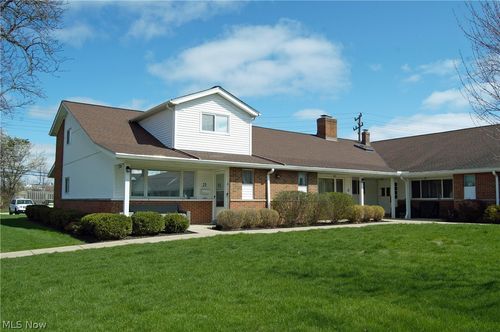 unit-18-25600 Country Club Blvd, North Olmsted, OH, 44070-4379 | Card Image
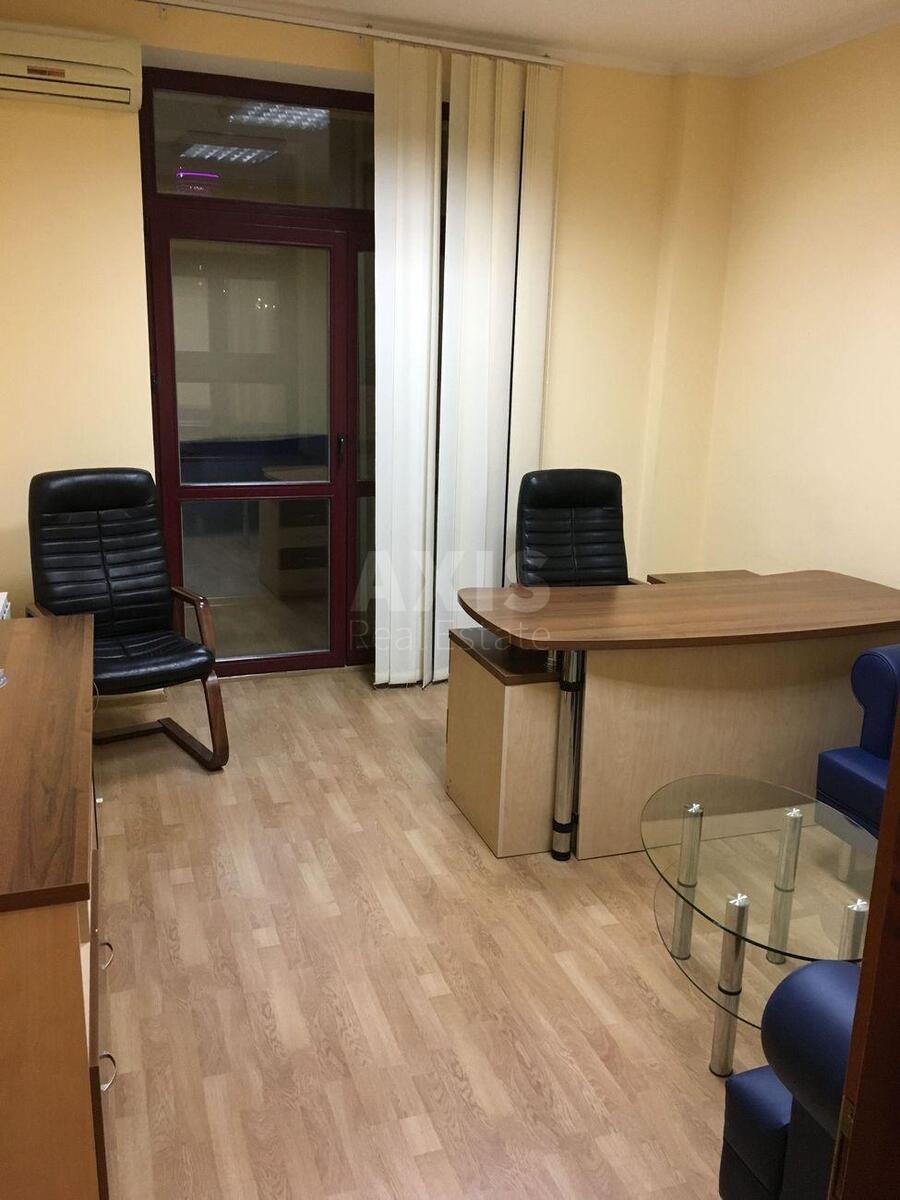 Office vul. Rustaveli Shota 44, 80m23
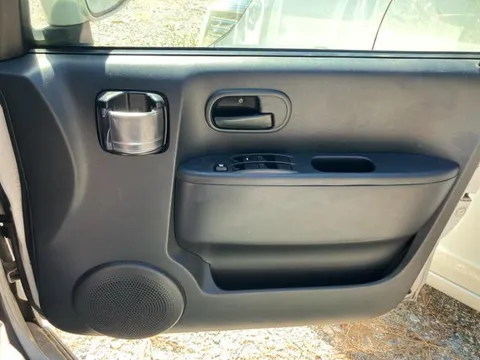 Nissan Otti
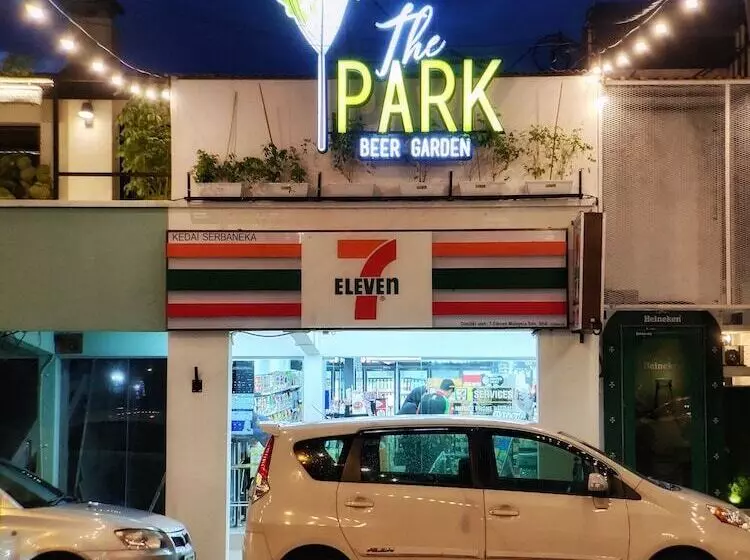 Hotelli Beds In Garden Hostel Sdn Bhd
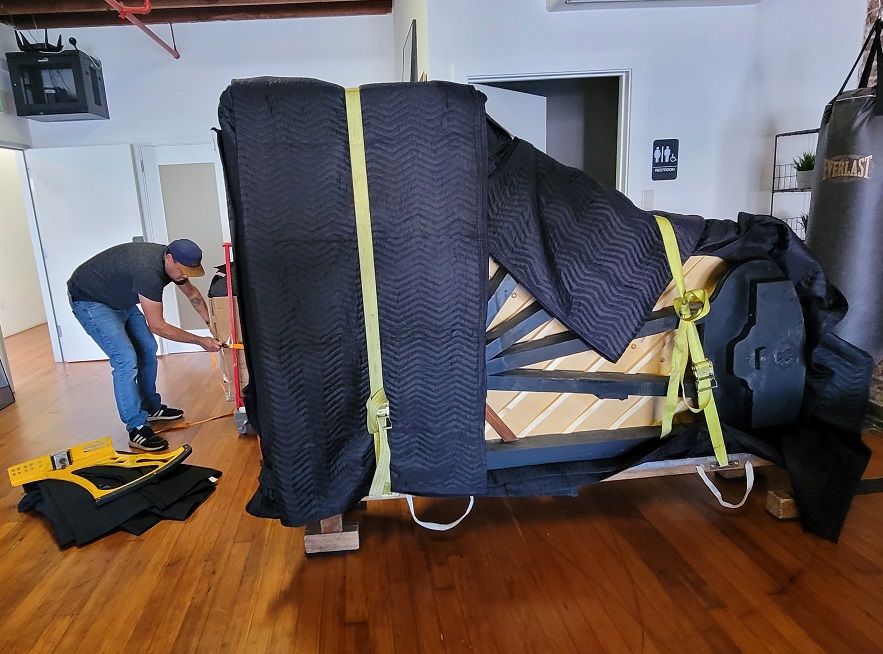 Luna's Piano Moving & Storage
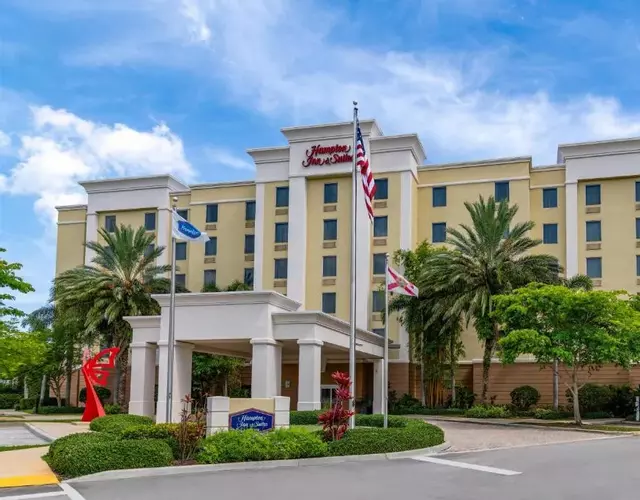 Hampton Inn and Suites Coconut Creek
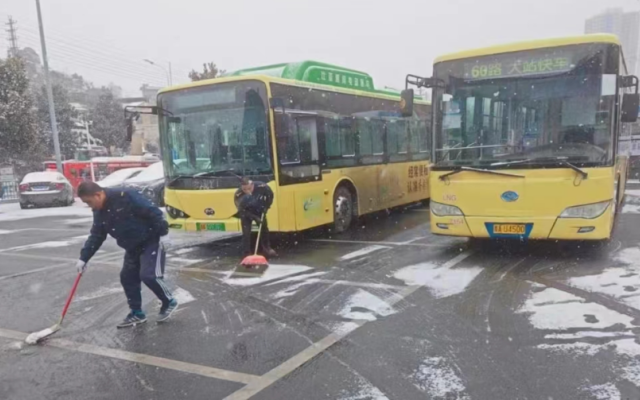 凌晨冒雪“探路” 貴陽(yáng)公交抗凝保暢護(hù)航群眾出行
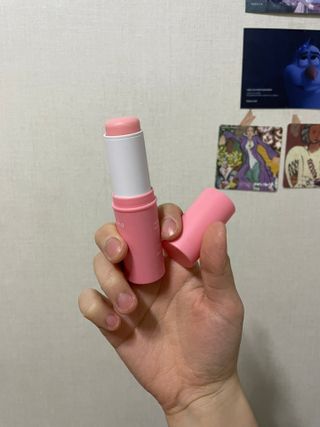 스킨큐어 산다화 카멜리아 안티 링클 멀티밤 — 5점을 준 리뷰어가 2023년 2월 올린 사용 사진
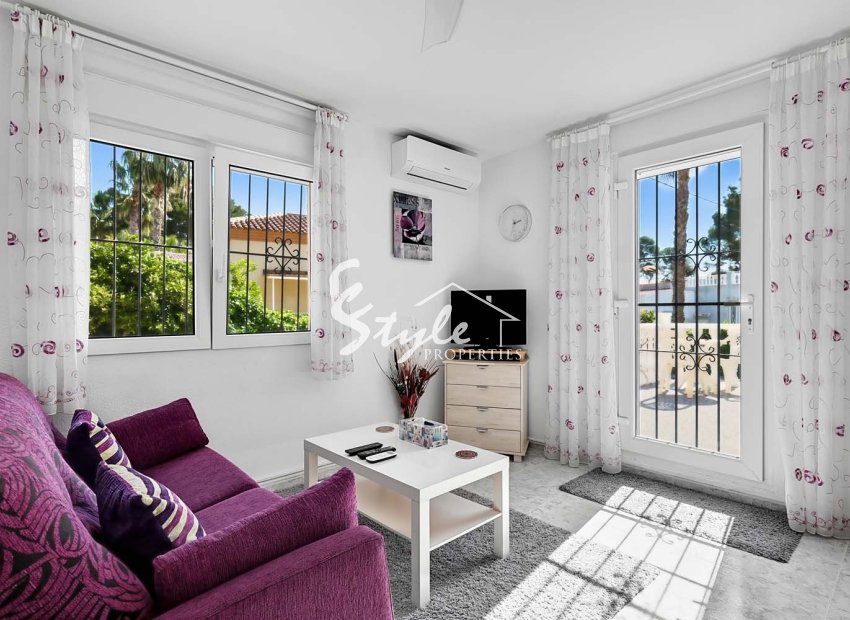 Resale - Villa - Pinar De Campoverde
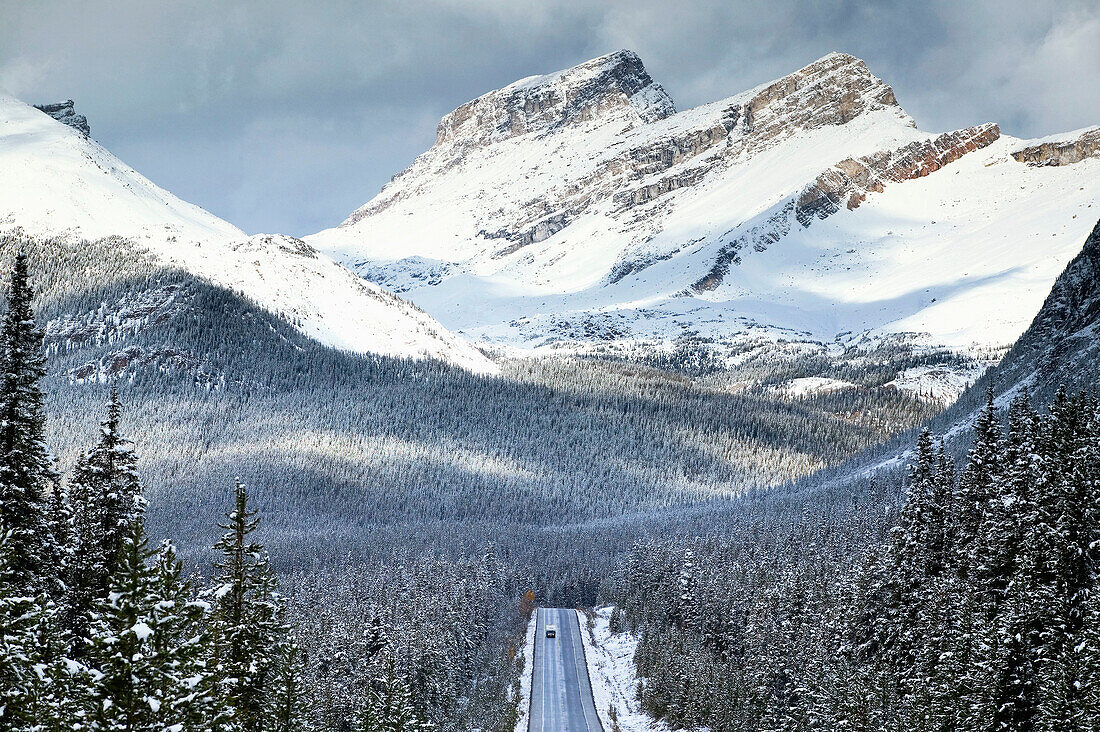 Icefields parkway (Rt. 93) in early winter. Banff National Park. Alberta, Canada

===

## Exercise aim
Type out the data above once more, exactly, with no images included.

## Exercise solution
 unit-18-25600 Country Club Blvd, North Olmsted, OH, 44070-4379 | Card Image
 Office vul. Rustaveli Shota 44, 80m23
 Nissan Otti
 Hotelli Beds In Garden Hostel Sdn Bhd
 Luna's Piano Moving & Storage
 Hampton Inn and Suites Coconut Creek
 凌晨冒雪“探路” 貴陽(yáng)公交抗凝保暢護(hù)航群眾出行
 스킨큐어 산다화 카멜리아 안티 링클 멀티밤 — 5점을 준 리뷰어가 2023년 2월 올린 사용 사진
 Resale - Villa - Pinar De Campoverde
 Icefields parkway (Rt. 93) in early winter. Banff National Park. Alberta, Canada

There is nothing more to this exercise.